» What you should do:
Note the line containing "AVGPD Silicone Cooking"; from it through the last line below, give only those lines again, exactly, both ends included, skipping pictures.

——————————

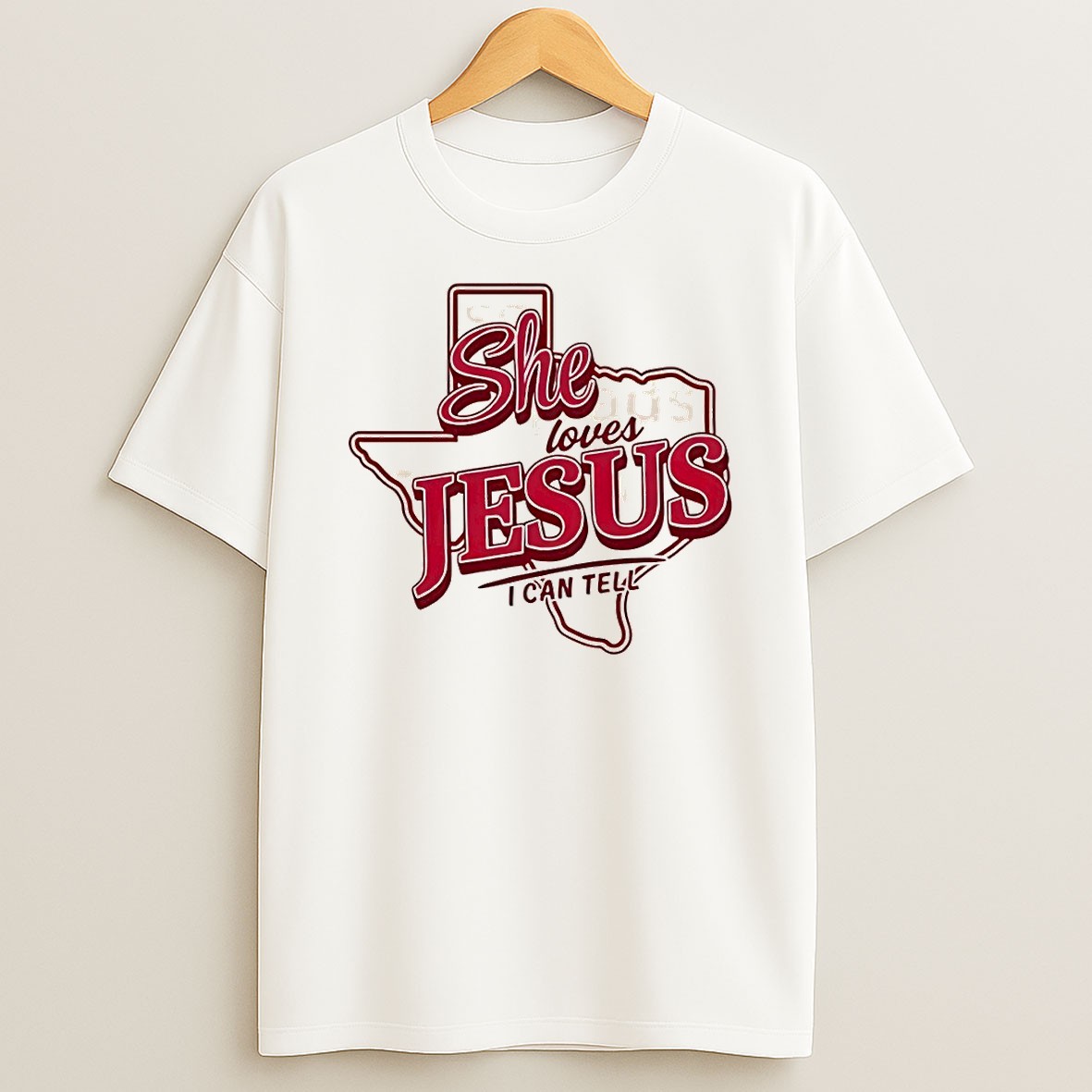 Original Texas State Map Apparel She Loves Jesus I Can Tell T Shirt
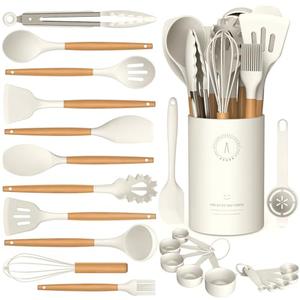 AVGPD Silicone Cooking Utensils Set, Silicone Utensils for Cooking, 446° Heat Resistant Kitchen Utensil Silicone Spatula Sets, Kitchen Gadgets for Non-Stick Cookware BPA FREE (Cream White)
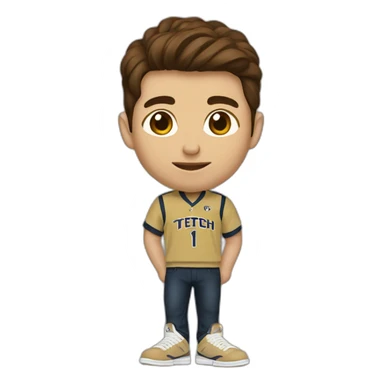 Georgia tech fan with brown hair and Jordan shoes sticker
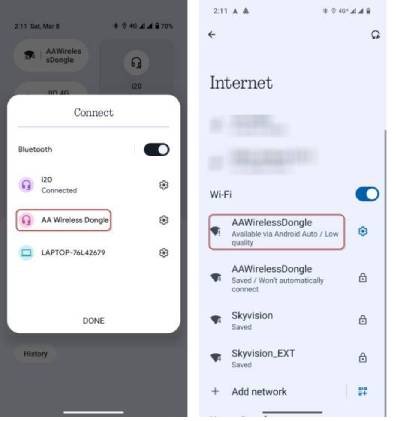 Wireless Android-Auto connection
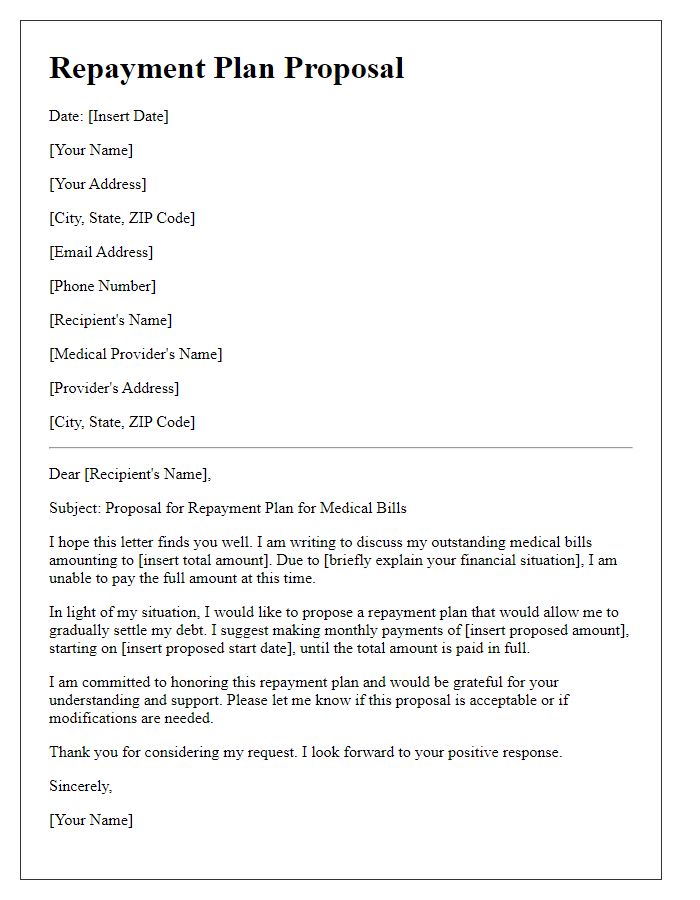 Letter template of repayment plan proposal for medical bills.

——————————

» Response to this exercise:
 AVGPD Silicone Cooking Utensils Set, Silicone Utensils for Cooking, 446° Heat Resistant Kitchen Utensil Silicone Spatula Sets, Kitchen Gadgets for Non-Stick Cookware BPA FREE (Cream White)
 Georgia tech fan with brown hair and Jordan shoes sticker
 Wireless Android-Auto connection
 Letter template of repayment plan proposal for medical bills.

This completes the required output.